**GIVEN INFORMATION:**
• • • • • • •
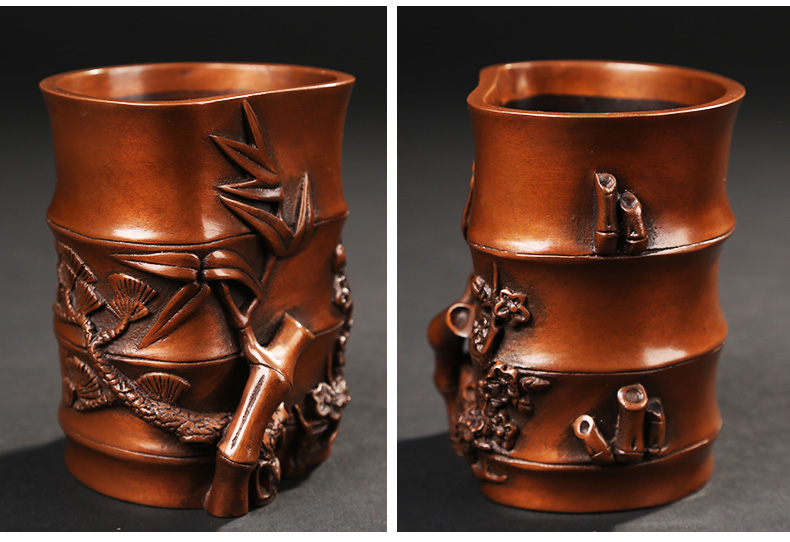 仿古竹子筆筒，文房四寶擺件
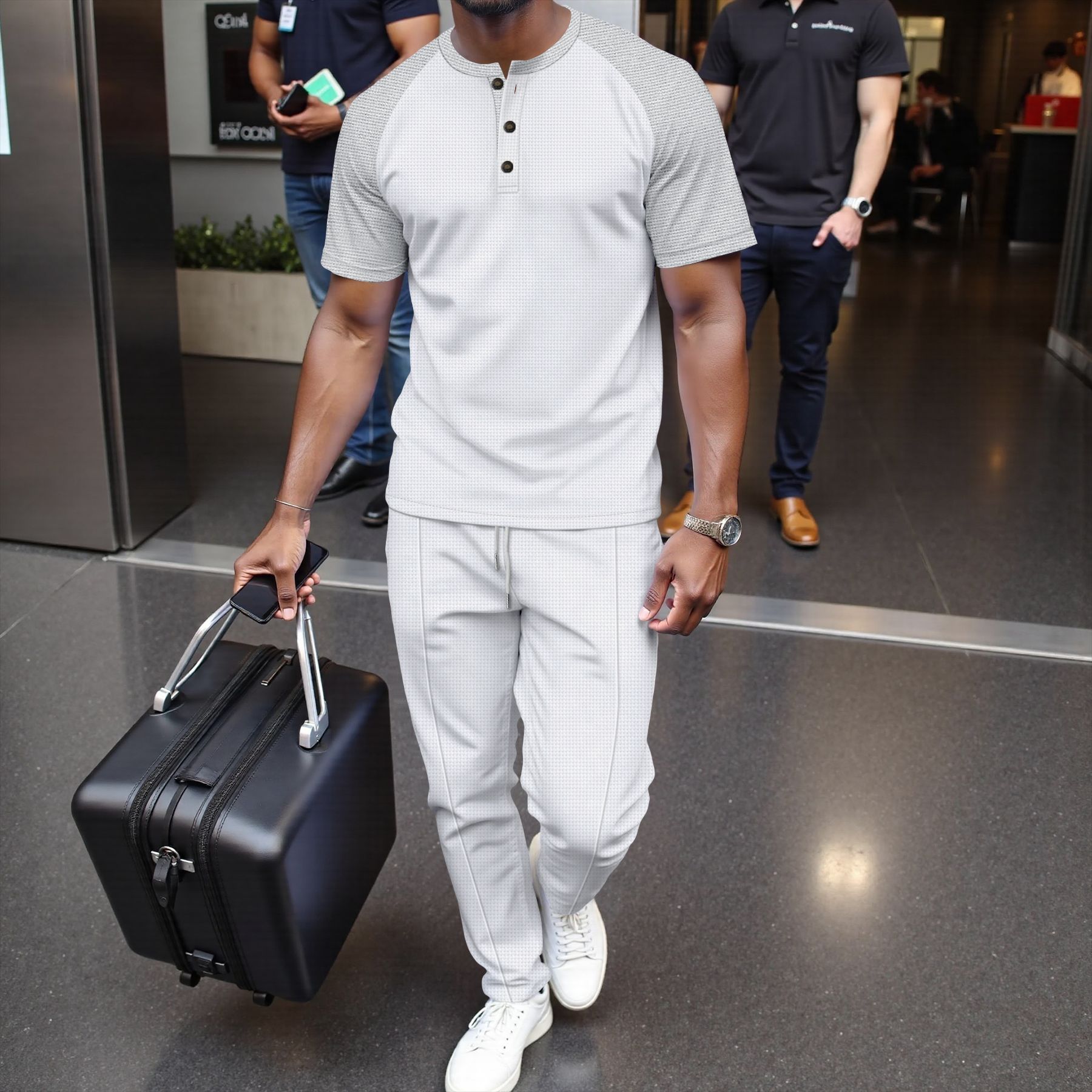 Men's Clothing Men's Summer Waffle Knit Crew Neck Color Block T-Shirt Short Sleeve Casual Outdoor Set For Formal & Casual_viptrois.com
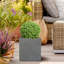 Grey Concrete Effect Square Planter, Frostproof Outdoor Plant Pot, Concrete Textured Flower Box, Garden Planter Box with Drainage Holes-87693417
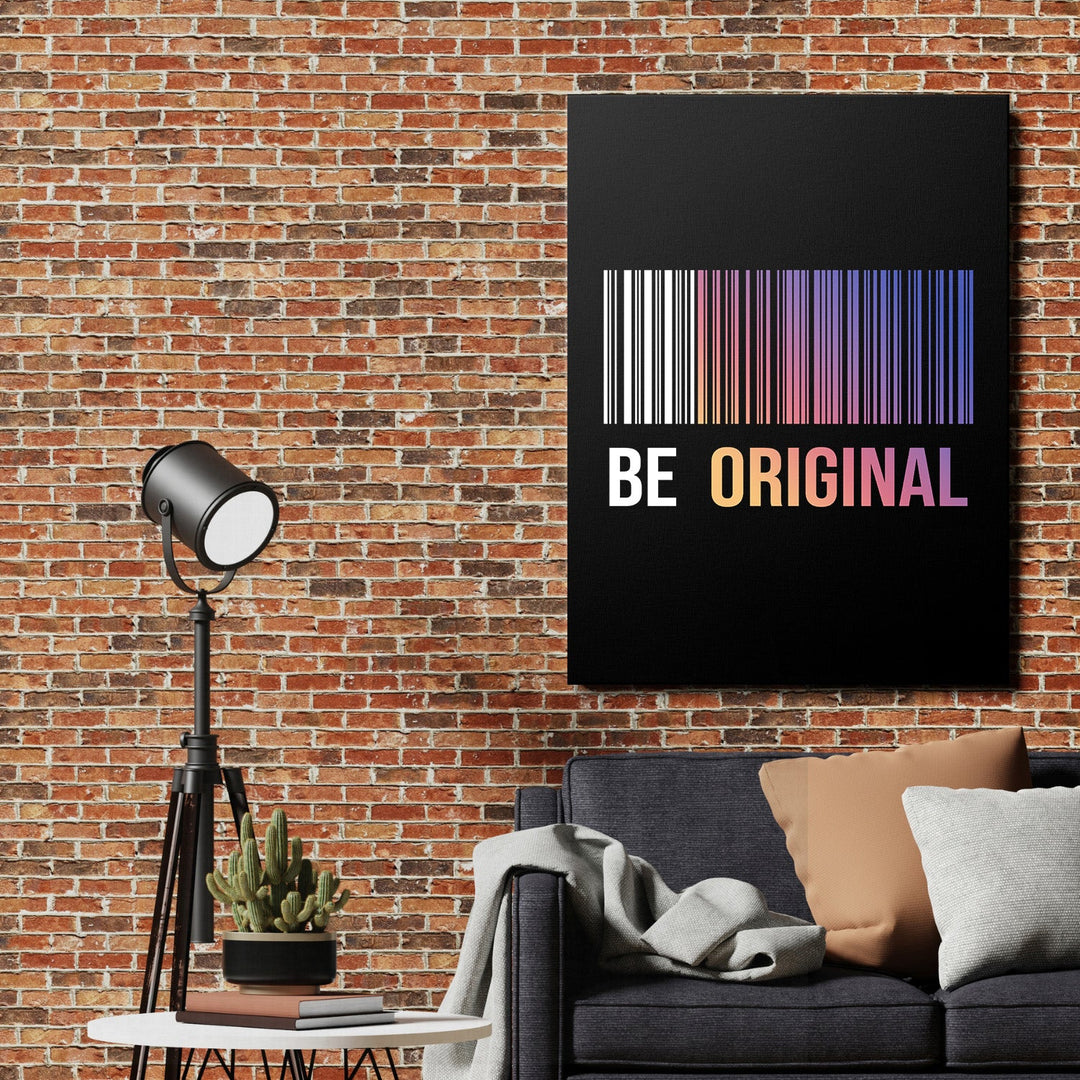 BE ORIGINAL motivational canvas wall art with a colorful barcode on a brick wall, modern pop art style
• • • • • • •
**GOAL OF THE EXERCISE:** Retype the listing exactly and drop the pictures.

**THE COMPLETED TASK:**
 仿古竹子筆筒，文房四寶擺件
 Men's Clothing Men's Summer Waffle Knit Crew Neck Color Block T-Shirt Short Sleeve Casual Outdoor Set For Formal & Casual_viptrois.com
 Grey Concrete Effect Square Planter, Frostproof Outdoor Plant Pot, Concrete Textured Flower Box, Garden Planter Box with Drainage Holes-87693417
 BE ORIGINAL motivational canvas wall art with a colorful barcode on a brick wall, modern pop art style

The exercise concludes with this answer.